Il gigante di Wolfsburg rivela i suoi piedi d’argilla. Da tempo si addensano nubi sul cielo della Germania e, in particolare, di Volkswagen. Eppure le notizie, finora, parlavano di un terremoto dalle dimensioni più contenute. Qualche centinaia di licenziamenti, non più di uno stabilimento chiuso. I venti che spifferano dalle sale chiuse e agitano le riunioni sindacali davanti ai cancelli aziendali, invece, parlano di un autentico uragano pronto ad abbattersi sul più grande produttore europeo di automobili. Le fabbriche da chiudere, infatti, sarebbero almeno tre. I licenziamenti potrebbero essere migliaia. In più, per chi sopravvivrà alle sforbiciate alla pianta organica, si parla di dolorose rinunce in arrivo. Gli operai, infatti, dovranno rinunciare ai bonus e accettare una diminuzione dei loro stipendi pari al 10%. Complessivamente le perdite per i lavoratori che rimarranno, però, saranno anche superiori e potrebbero essere pari a poco meno di un quinto dell’attuale stipendio. Inoltre Volkswagen vorrebbe scrivere la parola fine sul patto, risalente al ’94 (e quindi a trent’anni fa), di difesa dell’occupazione. I sindacati sono sul piede di guerra. Non accetteranno questa strategia. Non accetteranno, come ripetuto e denunciato già poco più di un mese fa dai lavoratori in piena contestazione, di pagare loro gli errori strategici dei manager. Ig Metall, il sindacato dei metalmeccanici tedeschi, è già in piazza. Da tempo. Le manifestazioni sono già iniziate. Le proteste possono solo arroventarsi ancora di più. Thorsten Groger, responsabile territoriale del sindacato ha parlato di “profonda pugnalata al cuore della forza lavoro” e promette “conseguenze” nel caso in cui Vw “confermerà il suo percorso distopico”. La situazione è gravissima. In Germania, infatti, il colosso di Wolfsburg dà lavoro a 120mila persone in dieci stabilimenti produttivi. Va da sé che, dovessero avverarsi i piani svelati agli operai dal capo del consiglio di fabbrica Daniela Cavallo, gli effetti per il Paese sarebbero devastanti.

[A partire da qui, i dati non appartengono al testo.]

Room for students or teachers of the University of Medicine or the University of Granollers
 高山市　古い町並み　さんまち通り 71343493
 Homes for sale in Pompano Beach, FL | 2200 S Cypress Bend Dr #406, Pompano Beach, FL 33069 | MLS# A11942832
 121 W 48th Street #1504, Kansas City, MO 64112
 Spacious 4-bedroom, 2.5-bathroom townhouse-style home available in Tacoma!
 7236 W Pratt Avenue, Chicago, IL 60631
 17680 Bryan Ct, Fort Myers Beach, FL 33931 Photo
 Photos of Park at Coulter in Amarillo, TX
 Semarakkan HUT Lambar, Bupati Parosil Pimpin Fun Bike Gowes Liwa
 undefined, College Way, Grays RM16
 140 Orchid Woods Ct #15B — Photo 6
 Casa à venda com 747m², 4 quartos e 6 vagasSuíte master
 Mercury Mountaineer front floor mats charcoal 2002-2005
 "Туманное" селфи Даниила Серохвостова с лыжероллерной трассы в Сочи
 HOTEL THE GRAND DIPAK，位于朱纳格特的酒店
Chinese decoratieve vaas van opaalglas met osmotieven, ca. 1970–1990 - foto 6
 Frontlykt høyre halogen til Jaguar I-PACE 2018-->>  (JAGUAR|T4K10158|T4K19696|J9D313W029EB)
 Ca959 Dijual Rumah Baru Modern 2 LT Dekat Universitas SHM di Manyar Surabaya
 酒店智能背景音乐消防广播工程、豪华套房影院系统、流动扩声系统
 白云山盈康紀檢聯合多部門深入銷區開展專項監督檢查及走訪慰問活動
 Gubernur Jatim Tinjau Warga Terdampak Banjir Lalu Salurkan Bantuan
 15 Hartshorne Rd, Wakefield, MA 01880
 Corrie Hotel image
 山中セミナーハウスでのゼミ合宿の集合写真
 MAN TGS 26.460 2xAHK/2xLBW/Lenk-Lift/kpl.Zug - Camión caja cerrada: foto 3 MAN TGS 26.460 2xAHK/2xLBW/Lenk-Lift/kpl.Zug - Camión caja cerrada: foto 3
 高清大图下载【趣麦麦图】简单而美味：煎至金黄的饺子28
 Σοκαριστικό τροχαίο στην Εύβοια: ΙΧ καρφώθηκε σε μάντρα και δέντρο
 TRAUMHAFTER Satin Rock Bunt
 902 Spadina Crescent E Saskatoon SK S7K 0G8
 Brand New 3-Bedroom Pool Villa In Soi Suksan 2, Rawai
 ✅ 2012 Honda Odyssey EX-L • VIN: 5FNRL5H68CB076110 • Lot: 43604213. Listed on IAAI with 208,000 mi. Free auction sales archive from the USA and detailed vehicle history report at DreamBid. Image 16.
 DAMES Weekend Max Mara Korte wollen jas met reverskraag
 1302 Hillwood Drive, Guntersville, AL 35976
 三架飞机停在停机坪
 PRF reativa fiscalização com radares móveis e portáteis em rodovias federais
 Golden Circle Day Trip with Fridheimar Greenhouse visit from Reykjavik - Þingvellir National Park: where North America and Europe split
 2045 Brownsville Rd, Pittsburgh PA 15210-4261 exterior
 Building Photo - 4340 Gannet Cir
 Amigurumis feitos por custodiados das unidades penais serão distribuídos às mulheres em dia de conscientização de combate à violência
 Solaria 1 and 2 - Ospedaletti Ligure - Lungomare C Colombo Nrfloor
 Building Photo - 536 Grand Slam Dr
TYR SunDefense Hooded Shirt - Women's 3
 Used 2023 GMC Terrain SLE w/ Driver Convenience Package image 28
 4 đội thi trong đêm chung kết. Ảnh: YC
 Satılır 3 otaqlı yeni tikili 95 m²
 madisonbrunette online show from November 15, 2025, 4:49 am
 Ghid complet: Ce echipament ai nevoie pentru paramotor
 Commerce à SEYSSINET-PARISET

I guai, però, sono appena cominciati, perché la crisi potrebbe investire presto anche Audi e Porsche. Con quest’ultima che sconterebbe (grazie ai dazi imposti da Bruxelles) un calo di ordinativi dalla Cina tale da indurre il management a mettere mano a tagli draconiani. Per quanto riguarda, invece, la situazione in casa Quattro Anelli c’è da segnalare che poco più di un mese fa alcuni operai “sequestrarono” duecento chiavi di altrettante automobili, in una fabbrica di Bruxelles, per protestare contro le voci di chiusura della fabbrica.

Il governo tedesco ormai appare in bambola: troppi i colpi che arrivano all’economia, da ogni parte. Dal crac Signa in poi, Berlino non ha più avuto pace. La Germania, e segnatamente il cancelliere Olaf Scholz, rischiano di ricavare dalla vicenda Volkswagen il colpo definitivo da kappaò. Ma chi rischia (grosso) da questa vicenda è pure l’Italia. C’è poco da godere, non c’è da abbandonarsi a quella che proprio i tedeschi hanno teorizzato come schadenfreude, il piacere che deriva dal contemplare la sfortuna altrui. Lo ha detto, al Forum dell’Automotive, il ministro all’ambiente Gilberto Pichetto Fratin: “Siamo strettamente legati alla Germania sull’automotive è come se fossimo un unico produttore. Quello che sta succedendo in Germania con l’ipotesi di chiusura di impianti deve essere gestito o potrebbe avere conseguenze anche per noi”. Stellantis, già in crisi per i fatti suoi, stavolta c’entra poco. Basti pensare, invece, a quante, innumerevoli, aziende italiane meccaniche, di componentistica o, comunque, dell’indotto automobilistico, abbiano deciso di lavorare con la Germania annoverando proprio i maggiori produttori di auto tedeschi tra i loro clienti (o committenti in alcuni casi) migliori e più importanti. La stangata, presto, potrebbe abbattersi sulle imprese, piccole e medie, del Nord Italia a cominciare da quelle lombarde.